Guatemala City. Sarita se laisse convaincre par sa soeur Bea d'aller en boîte où elle doit avoir une discussion sérieuse avec son copain, Andres. La discussion tourne mal, Bea est effondrée. Sarita lui propose de rentrer mais Bea refuse. Les deux soeurs se disputent. Sarita s'en va seule. Le lendemain matin, elle découvre que Bea n'est pas rentrée. La police n'en a cure. Sarita décide d'aller trouver Andres, qui ne la connaît pas. Le garçon est méfiant, il est membre d'une mara, un gang. Sarita demande à intégrer la clique afin de découvrir ce qu'il est advenu de sa soeur.
Comme tout bon polar qui se respecte, Infiltrée brosse un tableau sans concession de la société dans laquelle il se déroule. Au Guatemala, la vie a peu de valeur, surtout celle des femmes. Pour autant, le réalisateur américain Justin Lerner ne tombe jamais dans le voyeurisme ni la complaisance.

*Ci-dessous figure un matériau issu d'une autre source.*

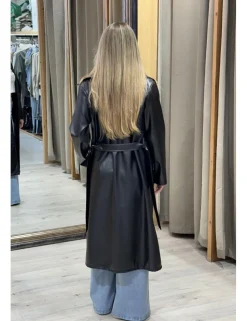 Abrigo trench efecto piel negro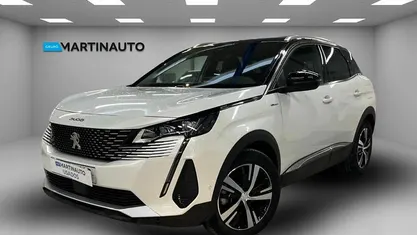 Branco Usado 2024 Peugeot 3008 Allure SUV | € 26.500 (Bom preço)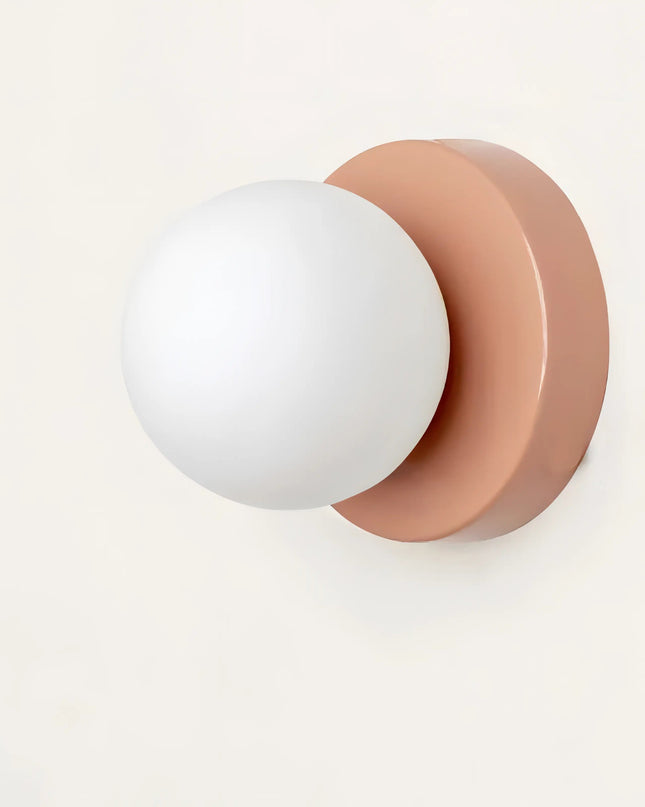 Skandynawska lampa ścienna ze szklanym kloszem i miękkim, ciepłym światłem – minimalistyczny design do salonów i sypialni 1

Le quartier populaire où vivent Sarita et Bea n'a rien de miséreux et on le découvre à travers ses habitantes, les deux soeurs, leur grand-mère qui les élève, une voisine... On ressent beaucoup de dignité chez ces femmes, notamment chez la très sage Sarita.
Sarita seule contre tous
Dans sa quête pour retrouver sa soeur, elle va devoir affronter des figures masculines qui expriment toutes une soif de domination, une brutalité plus ou moins violente. Il y a le petit copain de Sarita, un jeune bourgeois des beaux quartiers qui vient s'encanailler dans le ghetto ; Andres et Damian, les bras armés impitoyables du gang ; le terrifiant chef de gang et ses ennemis tout aussi maléfiques. Sarita paraît presque frêle mais elle fait preuve d'une incroyable détermination qui lui permet de survivre dans cet univers où la mort est omniprésente. Elle rejoint au panthéon cinématographique les héroïnes martyrisées qui se sont transformées en justicières implacables (Kill Bill, Revenge, Promising Young Woman).

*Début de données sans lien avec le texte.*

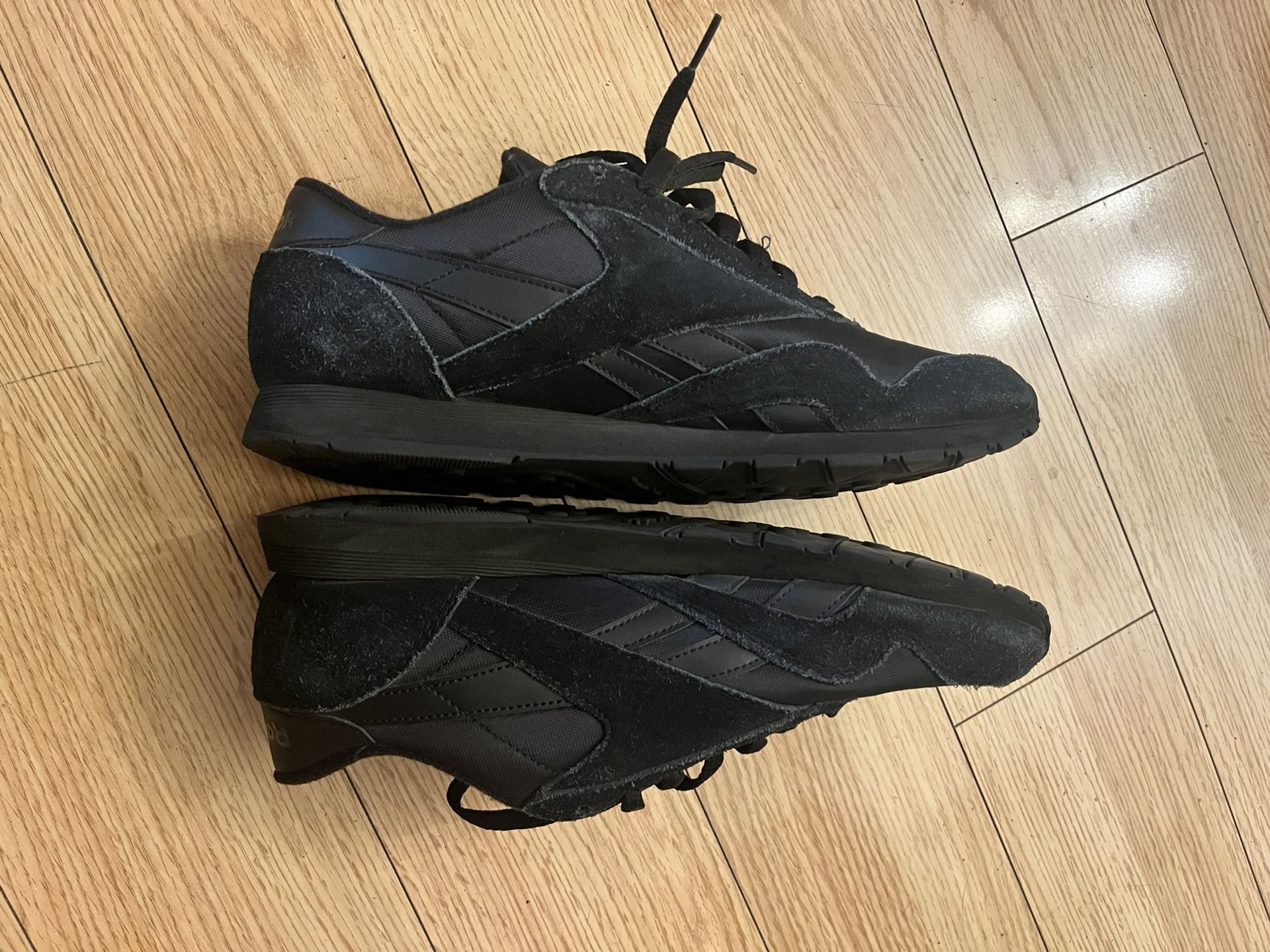 Reebok All Black Classic Nylon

Formidables acteurs qui incarnent des êtres dont la jeunesse a été souillée : Karen Martinez (Sarita), Rudy Rodriguez (Andres) et Brando Lopez (Damian), qui nous avait ému dans le bouleversant Rêves d'or. Chacun parvient à nous faire sentir ses fêlures, ses souffrances.
Le cinéaste a choisi un rythme un peu lent et une mise en scène sans esbrouffe. Il instille ainsi une tension permanente, qui frôle le surnaturel. D'ailleurs le titre original, Cadejo blanco, évoque un esprit protecteur qui prend souvent la forme d'un chien blanc (cela aidera à comprendre une des scènes clés du film). Dans cette ambiance réaliste et quasi magique, propre à l'Amérique latine, on sent que tout peut arriver, et c'est le cas. Comment Sarita va-t-elle parvenir à se faire accepter par la mara ? Comment va-t-elle se sortir de cette situation impossible ? On tremble pour elle, on admire son courage. Infiltrée est une belle découverte.